Exact copy, no pictures: restate each entry below word for word.

- Opening Delimiter -

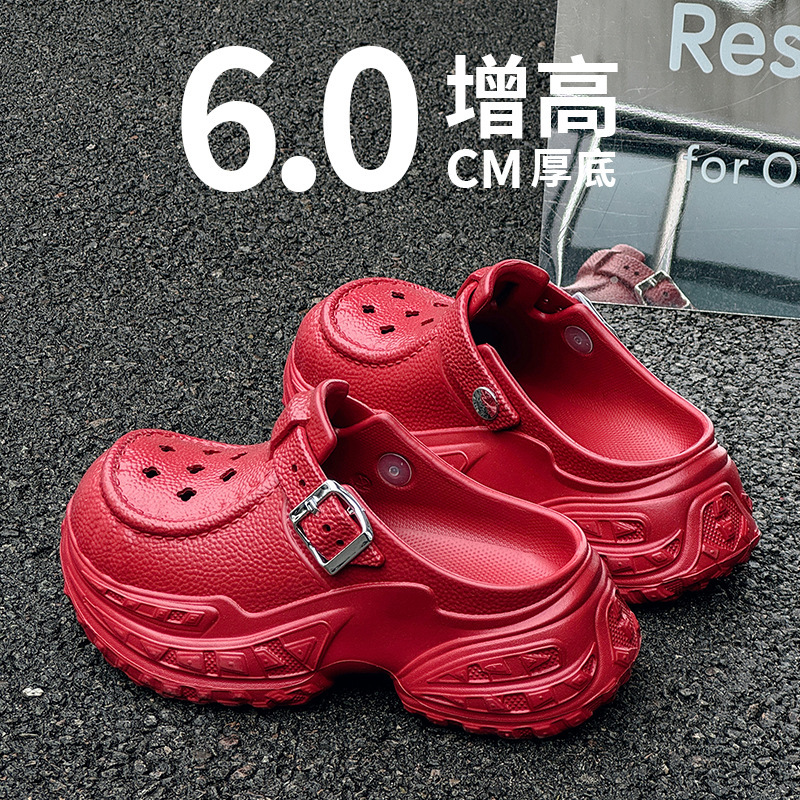 Nanbo Wan Cave Shoes Women's Summer Fashionable Outward Wear Shit-Feeling Platform Beach Sandals Sports Fashion Outdoor Non-Slip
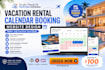 create wordpress vacation rental booking airbnb sync website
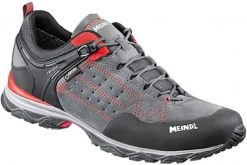 Buty turystyczne męskie Meindl Ontario Gore-Tex. Czerwone buty turystyczne MEINDL, bez wzorów, z gore-texu, bez zapięcia, trekkingowe, gore-tex. Za 819.49 zł.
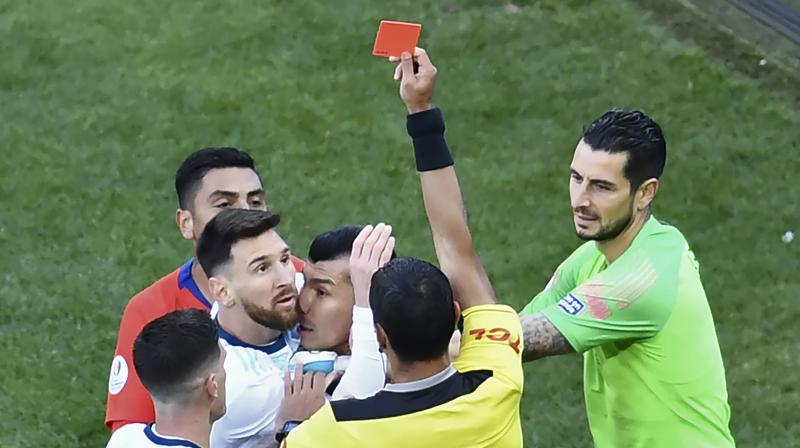 Messi gets first red card in 14 years; Lashes out at CONMEBOL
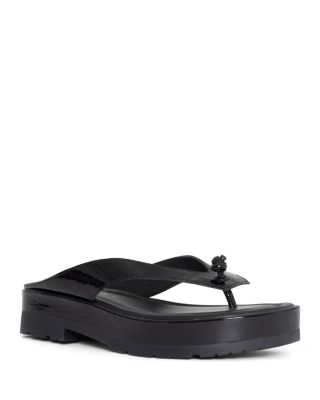 Women&#39;s Slip On Thong Platform Sandals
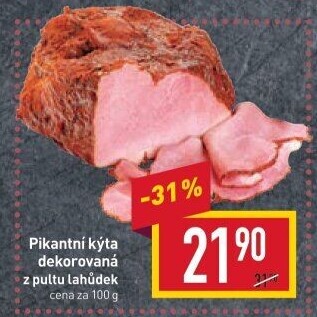 Kýta dekorovaná pikantní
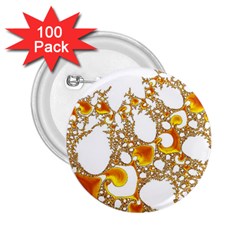 Special Fractal 04 Orange 2 25  Button (100 Pack) by ImpressiveMoments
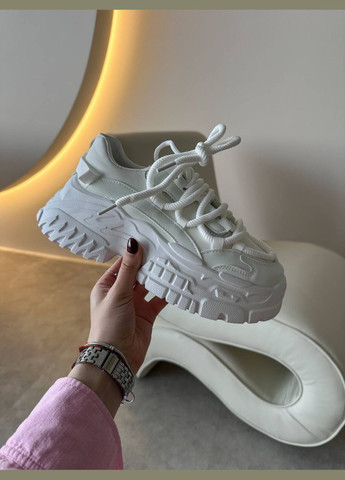 Стильные женские кроссовки No Brand белые демисезоны (322886720)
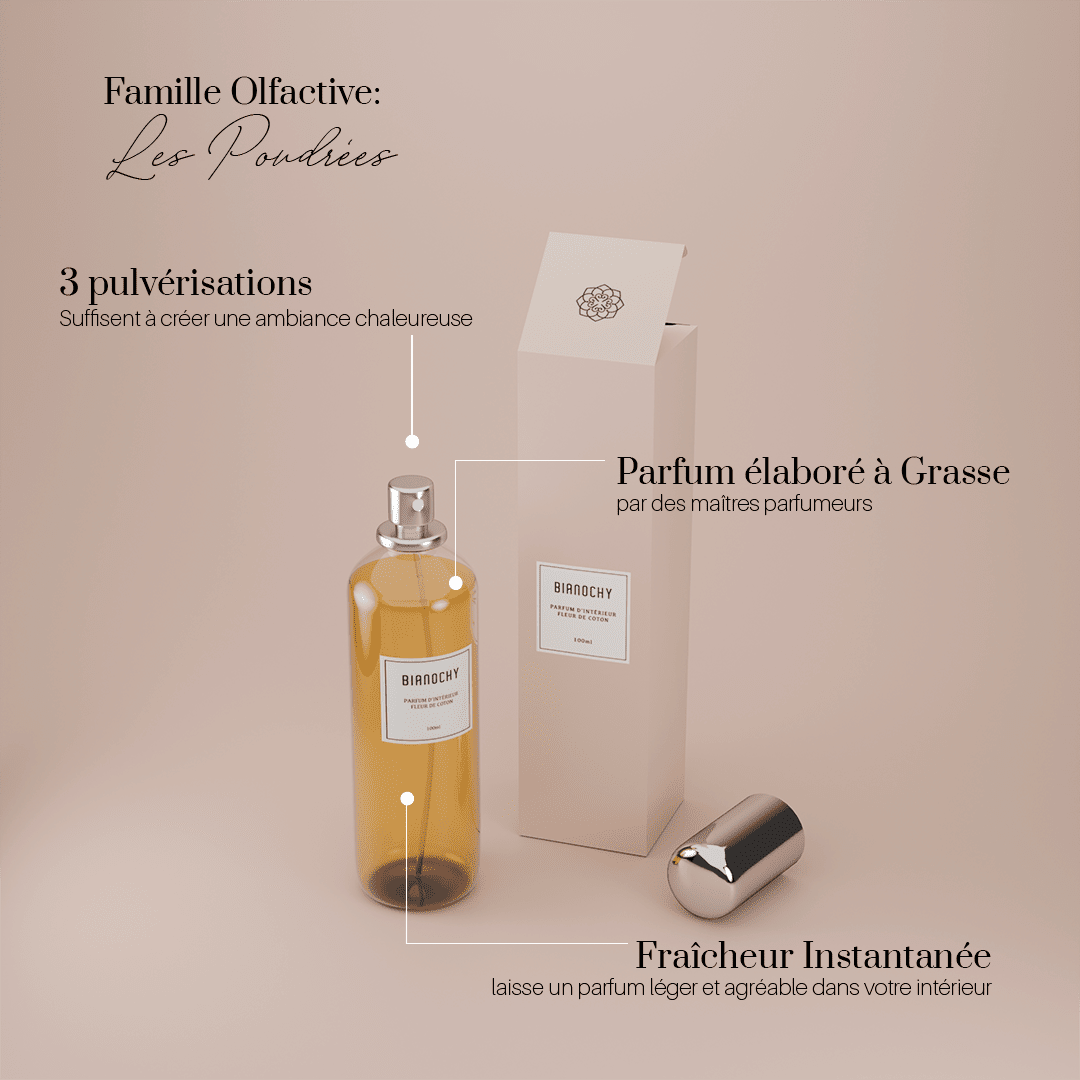 Parfum d'ambiance - Fleur de Coton Parfum d'Ambiance BIANOCHY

- Closing Delimiter -

- Written response
 Nanbo Wan Cave Shoes Women's Summer Fashionable Outward Wear Shit-Feeling Platform Beach Sandals Sports Fashion Outdoor Non-Slip
 create wordpress vacation rental booking airbnb sync website
 Buty turystyczne męskie Meindl Ontario Gore-Tex. Czerwone buty turystyczne MEINDL, bez wzorów, z gore-texu, bez zapięcia, trekkingowe, gore-tex. Za 819.49 zł.
 Messi gets first red card in 14 years; Lashes out at CONMEBOL
 Women&#39;s Slip On Thong Platform Sandals
 Kýta dekorovaná pikantní
 Special Fractal 04 Orange 2 25  Button (100 Pack) by ImpressiveMoments
 Стильные женские кроссовки No Brand белые демисезоны (322886720)
 Parfum d'ambiance - Fleur de Coton Parfum d'Ambiance BIANOCHY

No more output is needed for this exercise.